Kecamatan Seko adalah salahsatu kecamatan yang terdapat di kabupaten Luwu Utara yang memiliki Konflik Agraria yang cukup Panjang dengan adanya HGU PT.Seko Fajar Plantation, HGU ini diterbitkan pada Tahun 1996 dengan Nomor SK HGU : 02/HGU/BPN/1996 seluas 22.539,11 Hektar. Kehadiran HGU PT.Seko Fajar Plantation dengan klaim wilayahnya, bukanlah berada pada tanah tanah kosong yang tak bertuan, karena seyogyanya Masyarakat Seko yang mendiami wilayah tersebut adalah Masyarakat Adat yang telah turun temurun berada di wilayah tersebut.

Kesadaran Masyarakat Seko timbul dengan adanya ancaman terkait ruang hidupnya adalah Ketika Perusahaan mencoba melakukan aktifitas di wilayah Masyarakat, sehingga Masyarakat Seko tercatat telah dua kali melakukan penolakan terhadap kehadiran Pihak Perusahaan PT. Seko Fajar dalam upaya perpanjangan HGU, yakni pada Februari Tahun 2016 dan November Tahun 2018.
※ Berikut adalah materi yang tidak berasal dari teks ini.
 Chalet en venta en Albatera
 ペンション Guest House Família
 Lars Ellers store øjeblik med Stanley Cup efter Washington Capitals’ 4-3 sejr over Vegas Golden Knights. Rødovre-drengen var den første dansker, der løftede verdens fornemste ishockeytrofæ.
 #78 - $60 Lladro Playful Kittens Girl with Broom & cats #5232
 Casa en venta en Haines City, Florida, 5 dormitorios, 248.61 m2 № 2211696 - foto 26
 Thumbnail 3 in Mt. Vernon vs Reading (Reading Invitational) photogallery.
Kondisi Faktual yang terjadi saat ini, Izin HGU PT.Seko Fajar Plantation telah berakhir sejak 16 Agustus 2020, dan hingga hari ini belum ada kejelasan terkait izin HGU tersebut. Ditengah ketidakjelasan tersebut, Masyarakat Seko justru dihadapkan dengan persoalan baru, yakni adanya rencana Pemberian Eks HGU PT.Seko Fajar Plantation ke Pihak Badan Bank Tanah, badan yang dibentuk dan diberi kewenangan khsusus oleh Pemerintah untuk menangani Persoalan Tanah.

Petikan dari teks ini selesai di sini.